The docstring for show (with one argument) says:

The representation used by show […] should be parseable Julia code when possible.

I find the possibility to generate parseable output very useful – more precisely, parseable output that reproduces the argument to show. I think show(v) should give BitVector([1, 0, 1]) in this case.

If we’re talking more about reflection than printing, it’s worth pointing out that dump recursively digs into structs to a maxdepth (default 8) until printing a few types of values, possibly in arrays.

julia> struct Blah
         b::BitVector
         c::Complex{Int}
       end

julia> Blah([1,0], 1im) |> println # default to the Bool[] issue
Blah(Bool[1, 0], 0 + 1im)

julia> Blah([1,0], 1im) |> display
Blah(Bool[1, 0], 0 + 1im)

julia> Blah([1,0], 1im) |> dump
Blah
  b: BitVector
    chunks: Array{UInt64}((1,)) UInt64[0x0000000000000001]
    len: Int64 2
    dims: Tuple{Int64}
      1: Int64 6
  c: Complex{Int64}
    re: Int64 0
    im: Int64 1

Note that dump still runs into print for some structs like Complex in arrays, which is not the default behavior.

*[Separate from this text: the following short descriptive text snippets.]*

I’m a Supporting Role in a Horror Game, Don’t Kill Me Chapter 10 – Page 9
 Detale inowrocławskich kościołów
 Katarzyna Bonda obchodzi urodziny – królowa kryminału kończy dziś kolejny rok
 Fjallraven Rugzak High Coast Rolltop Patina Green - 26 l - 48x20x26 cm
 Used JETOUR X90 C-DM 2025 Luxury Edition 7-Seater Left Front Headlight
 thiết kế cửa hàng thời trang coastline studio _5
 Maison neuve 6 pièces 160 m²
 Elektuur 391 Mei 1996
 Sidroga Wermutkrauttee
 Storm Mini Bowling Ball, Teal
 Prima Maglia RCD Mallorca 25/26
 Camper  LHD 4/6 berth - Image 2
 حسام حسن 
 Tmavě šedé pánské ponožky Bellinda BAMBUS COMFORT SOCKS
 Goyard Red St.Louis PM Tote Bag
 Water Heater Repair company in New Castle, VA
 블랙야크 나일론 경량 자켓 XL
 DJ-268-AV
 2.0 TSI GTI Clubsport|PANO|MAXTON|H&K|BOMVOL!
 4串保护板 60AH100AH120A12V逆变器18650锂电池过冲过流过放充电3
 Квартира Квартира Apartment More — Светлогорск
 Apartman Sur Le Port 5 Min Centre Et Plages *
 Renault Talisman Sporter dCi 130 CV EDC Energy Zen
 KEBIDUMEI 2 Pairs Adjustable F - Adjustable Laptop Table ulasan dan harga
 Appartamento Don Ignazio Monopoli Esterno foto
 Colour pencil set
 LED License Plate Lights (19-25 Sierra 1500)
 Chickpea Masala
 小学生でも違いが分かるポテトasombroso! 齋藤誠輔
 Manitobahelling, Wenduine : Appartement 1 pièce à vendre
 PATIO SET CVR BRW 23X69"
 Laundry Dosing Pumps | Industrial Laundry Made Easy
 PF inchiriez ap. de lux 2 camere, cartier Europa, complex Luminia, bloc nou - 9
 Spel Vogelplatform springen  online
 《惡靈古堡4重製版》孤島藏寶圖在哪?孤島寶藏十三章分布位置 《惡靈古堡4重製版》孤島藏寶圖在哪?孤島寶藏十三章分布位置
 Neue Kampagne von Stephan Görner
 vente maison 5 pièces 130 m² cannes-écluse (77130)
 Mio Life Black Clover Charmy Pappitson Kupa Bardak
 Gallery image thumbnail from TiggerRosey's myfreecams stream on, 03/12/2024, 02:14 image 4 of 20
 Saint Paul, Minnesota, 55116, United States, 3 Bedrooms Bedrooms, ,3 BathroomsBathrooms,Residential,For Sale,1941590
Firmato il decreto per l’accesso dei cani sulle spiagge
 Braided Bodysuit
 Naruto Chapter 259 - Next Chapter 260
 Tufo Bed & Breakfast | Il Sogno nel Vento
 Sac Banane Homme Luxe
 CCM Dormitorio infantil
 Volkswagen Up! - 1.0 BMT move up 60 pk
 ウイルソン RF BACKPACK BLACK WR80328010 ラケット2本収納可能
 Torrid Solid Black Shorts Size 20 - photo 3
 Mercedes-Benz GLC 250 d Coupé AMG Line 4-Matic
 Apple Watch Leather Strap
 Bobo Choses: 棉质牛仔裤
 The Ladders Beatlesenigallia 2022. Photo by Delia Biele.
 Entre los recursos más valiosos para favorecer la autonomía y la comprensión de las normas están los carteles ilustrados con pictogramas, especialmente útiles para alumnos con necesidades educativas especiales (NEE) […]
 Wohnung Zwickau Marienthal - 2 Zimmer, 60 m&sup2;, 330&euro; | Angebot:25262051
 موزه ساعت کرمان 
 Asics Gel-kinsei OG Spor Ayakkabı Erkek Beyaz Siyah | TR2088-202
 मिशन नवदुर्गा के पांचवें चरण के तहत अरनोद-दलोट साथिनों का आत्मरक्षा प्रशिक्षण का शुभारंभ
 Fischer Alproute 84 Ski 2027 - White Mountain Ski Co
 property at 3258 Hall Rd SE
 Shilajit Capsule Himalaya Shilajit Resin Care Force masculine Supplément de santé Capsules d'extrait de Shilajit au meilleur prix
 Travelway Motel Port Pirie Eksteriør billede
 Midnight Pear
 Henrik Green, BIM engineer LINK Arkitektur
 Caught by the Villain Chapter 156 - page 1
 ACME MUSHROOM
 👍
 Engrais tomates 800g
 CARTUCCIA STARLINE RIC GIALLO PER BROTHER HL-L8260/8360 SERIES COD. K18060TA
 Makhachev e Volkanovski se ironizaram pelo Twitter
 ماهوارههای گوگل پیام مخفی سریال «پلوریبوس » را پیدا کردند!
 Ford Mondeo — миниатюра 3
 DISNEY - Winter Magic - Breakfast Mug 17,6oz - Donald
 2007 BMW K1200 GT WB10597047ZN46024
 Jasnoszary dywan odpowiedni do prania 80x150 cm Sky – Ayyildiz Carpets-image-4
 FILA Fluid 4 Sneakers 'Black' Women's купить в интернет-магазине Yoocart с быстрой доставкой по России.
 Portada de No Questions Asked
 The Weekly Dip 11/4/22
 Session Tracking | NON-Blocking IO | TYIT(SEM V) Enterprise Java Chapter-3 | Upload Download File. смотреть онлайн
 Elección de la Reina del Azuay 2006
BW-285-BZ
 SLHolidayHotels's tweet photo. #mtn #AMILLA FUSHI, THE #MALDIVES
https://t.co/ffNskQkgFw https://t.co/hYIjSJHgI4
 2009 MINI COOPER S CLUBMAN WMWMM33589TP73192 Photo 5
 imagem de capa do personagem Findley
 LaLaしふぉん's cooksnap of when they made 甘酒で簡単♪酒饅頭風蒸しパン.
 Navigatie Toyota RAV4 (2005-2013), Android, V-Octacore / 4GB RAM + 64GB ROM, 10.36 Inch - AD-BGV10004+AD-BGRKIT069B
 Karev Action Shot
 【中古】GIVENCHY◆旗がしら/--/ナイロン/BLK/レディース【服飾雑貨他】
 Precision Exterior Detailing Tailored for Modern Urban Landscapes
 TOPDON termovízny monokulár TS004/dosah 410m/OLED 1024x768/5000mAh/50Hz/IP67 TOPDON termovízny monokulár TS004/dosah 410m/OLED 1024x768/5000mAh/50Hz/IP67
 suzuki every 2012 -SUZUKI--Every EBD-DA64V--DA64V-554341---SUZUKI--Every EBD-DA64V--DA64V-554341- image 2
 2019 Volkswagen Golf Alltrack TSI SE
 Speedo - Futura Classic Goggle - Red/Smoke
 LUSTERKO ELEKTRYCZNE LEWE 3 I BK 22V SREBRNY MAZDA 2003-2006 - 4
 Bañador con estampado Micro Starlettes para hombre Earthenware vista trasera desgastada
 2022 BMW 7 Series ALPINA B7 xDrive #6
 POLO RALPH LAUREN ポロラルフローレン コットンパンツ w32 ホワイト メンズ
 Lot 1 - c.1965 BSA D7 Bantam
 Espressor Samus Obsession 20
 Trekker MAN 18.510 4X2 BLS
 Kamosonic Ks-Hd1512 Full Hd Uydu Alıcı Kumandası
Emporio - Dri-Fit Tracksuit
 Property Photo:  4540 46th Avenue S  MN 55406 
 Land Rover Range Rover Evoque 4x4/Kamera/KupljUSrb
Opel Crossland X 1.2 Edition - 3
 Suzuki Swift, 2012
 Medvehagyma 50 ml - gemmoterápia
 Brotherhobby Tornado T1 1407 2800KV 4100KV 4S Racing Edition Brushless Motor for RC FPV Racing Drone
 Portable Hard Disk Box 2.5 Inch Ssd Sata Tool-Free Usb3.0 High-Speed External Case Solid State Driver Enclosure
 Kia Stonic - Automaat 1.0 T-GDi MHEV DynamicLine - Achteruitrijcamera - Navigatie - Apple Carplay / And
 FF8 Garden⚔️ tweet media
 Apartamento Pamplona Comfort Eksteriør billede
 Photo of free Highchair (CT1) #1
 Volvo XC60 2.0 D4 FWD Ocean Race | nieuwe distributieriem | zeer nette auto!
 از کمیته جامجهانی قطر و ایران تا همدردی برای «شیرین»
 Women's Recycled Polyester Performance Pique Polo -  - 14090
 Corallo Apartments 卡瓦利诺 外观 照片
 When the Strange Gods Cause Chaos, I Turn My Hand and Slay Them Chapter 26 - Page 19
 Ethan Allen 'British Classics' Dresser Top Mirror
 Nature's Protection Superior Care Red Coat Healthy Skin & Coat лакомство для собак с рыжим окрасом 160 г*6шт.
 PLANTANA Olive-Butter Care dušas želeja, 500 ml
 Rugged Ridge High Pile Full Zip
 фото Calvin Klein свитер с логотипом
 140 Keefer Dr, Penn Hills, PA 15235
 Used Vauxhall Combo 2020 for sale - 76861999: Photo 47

julia> Complex{Int}.(1:2, 1:2) |> dump
Array{Complex{Int64}}((2,)) Complex{Int64}[1 + 1im, 2 + 2im]

julia> struct MyComplex{T}
         re::T
         im::T
       end

julia> MyComplex{Int}.(1:2, 1:2) |> dump
Array{MyComplex{Int64}}((2,))
  1: MyComplex{Int64}
    re: Int64 1
    im: Int64 1
  2: MyComplex{Int64}
    re: Int64 2
    im: Int64 2

Why though? I don’t think getting the type to match is worth the extra method and line noise.

I think that for testing and debugging it’s helpful if one can show any variable in a form that one can feed back to Julia via copy-paste. This function may or may not be named show. Unlike for the other variants of show, the goal would not primarily be readability by users.